Sure, you may have tons of mobile phone-related data. In fact, it could be quite huge in size. But let me turn that upside down for you (more like sideways-up, in practice). Now, try to describe everyone in your footprint in terms of certain activities. Say, “every smart phone owner who used more than 80 percent of his or her monthly data allowance on the average for the past 12 months, regardless of the carrier.” Hey, don’t blame me for asking these questions just because it’s inconvenient for data handlers to answer them. Some marketers would certainly benefit from information like that, and no one cares about just bits and pieces of data, other than for some interesting tidbits at a party.

Here’s the main trouble when you start asking buyer-related questions like that. Once we try to look at the world from the “buyer-centric” point of view, we will realize there are tons of missing data (i.e., a whole bunch of people with not much information). It may be that you will never get this kind of data from all carriers. Maybe not everyone is tracked this way.
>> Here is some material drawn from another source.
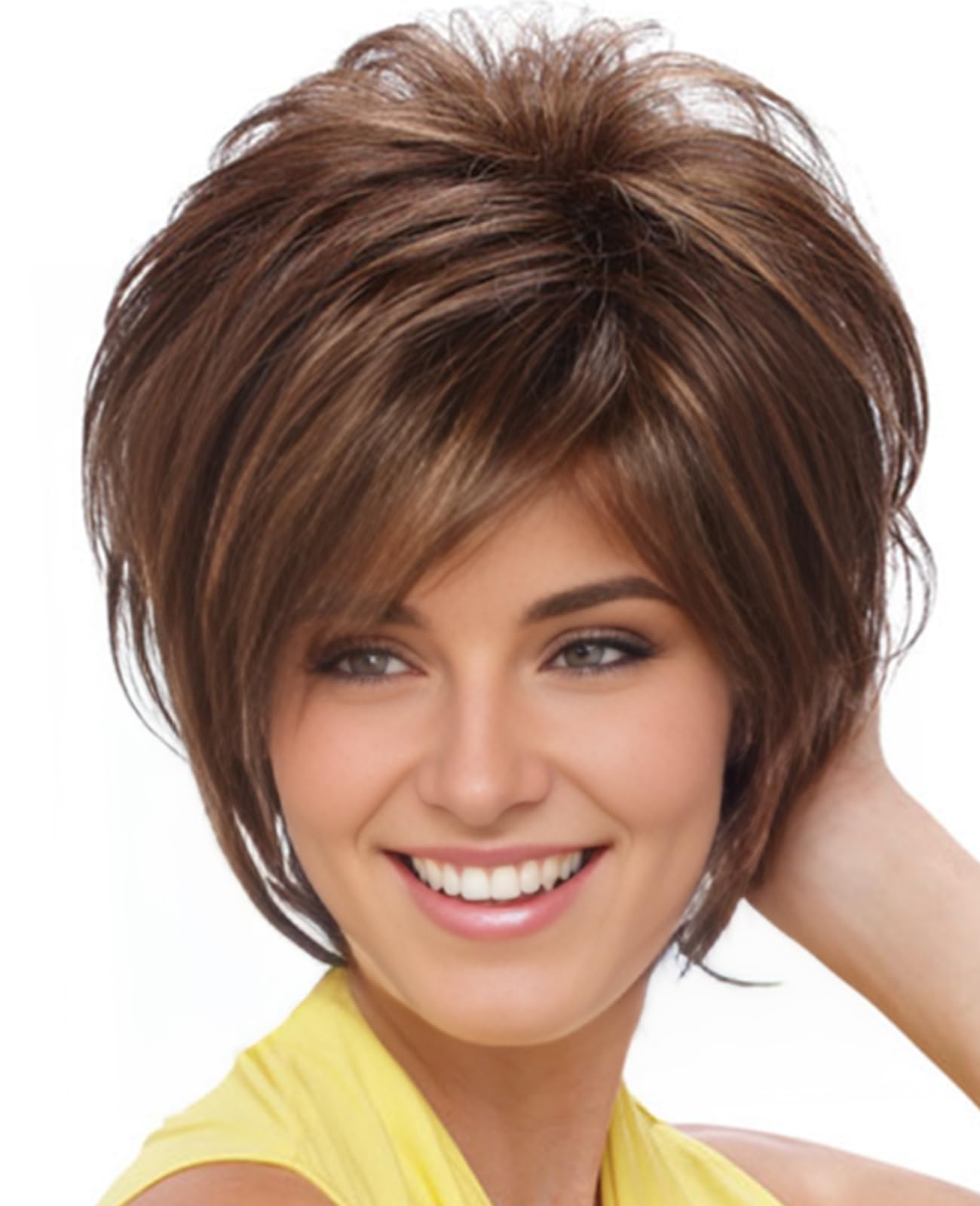 Photo 1 of RENERSHOW Short Mixed Brown Highlight Wigs for White Women Shaggy Layered Brunette Pixie Cut Wig with Bangs Synthetic Red Brown with blonde Hair Wig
In terms of individuals, you may end up with less than 10 percent in the database with mobile information attached to them. In fact, many interesting variables may have less than 1 percent coverage. Holes are everywhere in so-called Big Data.

Models can fill in those blanks for you. For all those data compilers who sell age and income data for every household in the country, do you believe that they really “know” everyone’s age and income? A good majority of the information is based on carefully constructed models. And there is nothing wrong with that.

If you don’t get to “know” something, we can get to a “likelihood” score—of “being like” that something. And in that world, every measurement is on a scale, with no missing values. For example, the higher the score of a model built for a telecommunication company, the more likely that the prospect is going to use a high-speed data plan, or the international long distance services, depending on the purpose of the model. Or the more likely the person will buy sports packages via cable or satellite. Or the person is more likely to subscribe to premium movie channels. Etc., etc. With scores like these, a marketer can initiate the conversation with—not just talking to—a particular prospect with customized product packages in his hand.

And that leads us to the final point in all this, “Staying relevant to your customers and prospects.” That is what Big Data should be all about—at least for us marketers. We know plenty about a lot of people. And they are asking us why we are still so random about marketing messages. With all these data that are literally floating around, marketers can do so much better. But not without statistical models that fill in the gaps and turn pieces of data into marketing-ready answers.

So, why model? Because a big pile of information doesn’t provide answers on its own, and that pile has more holes than Swiss cheese if you look closely. That’s my final answer.